In 2012, CNN's Stephanie Goldberg recognized Mulan as one of Disney's bravest and most heroic animated heroines to-date in her article "Brave's Merida and other animated heroines," writing, "Mulan bent traditional gender roles when she took her father's place in the Chinese army." Similarly, in 2013, Mulan was ranked the greatest animated Disney heroine according to a poll conducted by Jim Vejvoda of IGN.

In 1999, Mulan's theme song "Reflection", performed by Mulan, was nominated for the Golden Globe Award for Best Original Song at the 56th Golden Globe Awards, but ultimately lost to Celine Dion and Andrea Bocelli's "The Prayer" from Quest for Camelot (1998). "Reflection" is often credited with establishing the successful musical career of American recording artist Christina Aguilera, who famously recorded a pop rendition of the ballad prior to the release of her platinum-selling self-titled debut album in 1999, on which the song is featured. Additionally, the song peaked at number nineteen on the Billboard Adult Contemporary chart. In 2011, Salonga was honored with a Disney Legends award in commemoration of her role as Mulan's singing voice. Additionally, Salonga performed a live rendition of "Reflection" at the ceremony. Ming-Na Wen was also named a Disney Legend in 2019 for her role as the speaking voice of Mulan.

=== Redesign controversy ===

The 2013 Disney princess redesigns portrayed Mulan with features that differ from her film appearance. The artwork featured Mulan with blue eyes, bigger lips, noticeably lighter skin, and golden clothing which does not resemble any outfit she has worn in the film. Her new appearance has caused an uproar due to the whitewash of her character. This was particularly troubling as Mulan is one of the few princesses of color. Shavon L. McKinstry of SPARK Movement writes that Mulan's redesign "seem to be directly counter to her personality and character in her film", and also notes how all the princesses of color have been "noticeably pushed to the back or left out completely" from the new Disney merchandise which featured the redesigns.
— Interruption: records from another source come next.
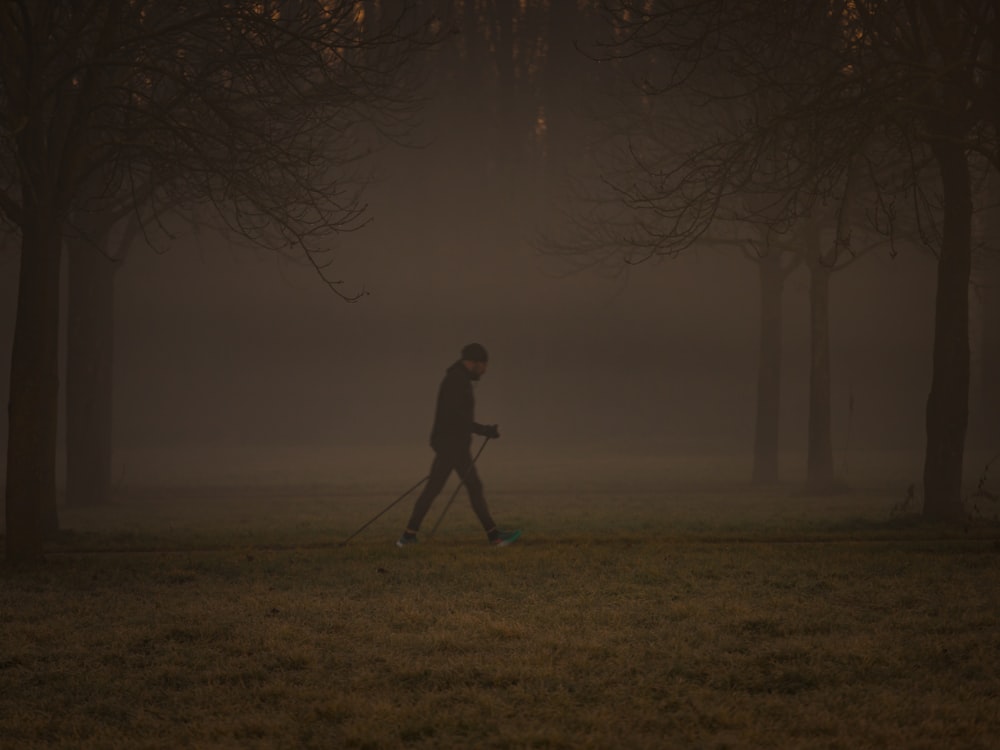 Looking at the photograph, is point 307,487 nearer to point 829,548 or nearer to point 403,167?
point 829,548

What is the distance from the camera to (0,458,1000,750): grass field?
495 centimetres

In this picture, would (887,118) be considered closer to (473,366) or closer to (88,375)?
(473,366)

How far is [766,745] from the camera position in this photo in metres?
4.66

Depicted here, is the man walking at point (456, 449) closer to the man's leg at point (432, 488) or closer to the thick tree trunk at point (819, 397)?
the man's leg at point (432, 488)

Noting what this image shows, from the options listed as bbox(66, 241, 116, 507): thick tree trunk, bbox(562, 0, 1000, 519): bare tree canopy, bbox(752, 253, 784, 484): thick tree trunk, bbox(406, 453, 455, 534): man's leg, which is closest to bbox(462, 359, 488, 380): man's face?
bbox(406, 453, 455, 534): man's leg

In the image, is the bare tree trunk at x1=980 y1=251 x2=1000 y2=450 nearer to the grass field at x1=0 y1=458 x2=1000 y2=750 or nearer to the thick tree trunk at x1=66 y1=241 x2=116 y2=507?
the grass field at x1=0 y1=458 x2=1000 y2=750

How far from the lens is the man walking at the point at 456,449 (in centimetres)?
1123

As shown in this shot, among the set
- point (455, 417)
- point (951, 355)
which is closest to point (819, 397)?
point (951, 355)

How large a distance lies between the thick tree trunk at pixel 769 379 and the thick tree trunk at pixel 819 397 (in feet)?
5.56

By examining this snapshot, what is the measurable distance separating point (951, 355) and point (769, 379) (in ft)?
34.6

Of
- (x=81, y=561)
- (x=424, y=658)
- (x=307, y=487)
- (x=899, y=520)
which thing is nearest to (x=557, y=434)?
(x=307, y=487)

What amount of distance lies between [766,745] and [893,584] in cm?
396

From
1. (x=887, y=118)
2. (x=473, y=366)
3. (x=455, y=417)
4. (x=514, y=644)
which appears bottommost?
(x=514, y=644)

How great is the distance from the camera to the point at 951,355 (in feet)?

McKinstry argues that Disney "prefers to portray one demographic of princess, simultaneously alienating so much of their fanbase", pointing out that of the "ten Disney Princesses in the brand, six are white". The importance of Mulan and other non-white princesses can be seen in the 2009 study of the effects of children's cartoons on the body image of young girls by doctors Sharon Hayes and Stacey Tantleff-Dunn. The study revealed that in the group of girls ranging from 3 to 6 years old, 30.6% of the group would change their physical appearance if they could. Of these respondents, over half would change their hair and over a quarter would change something about their body, such as skin color. Of all girls surveyed, 8% said they would have to change their hair or skin color to become a princess, stating things like they would "change from brown skin to white skin", for example. The interviewed group was predominantly white.

Disney has since altered the coloration in Mulan's design by changing the blue eye highlight to brown, darkening the color of her skin, and changing her clothing to better resemble her attire in the film.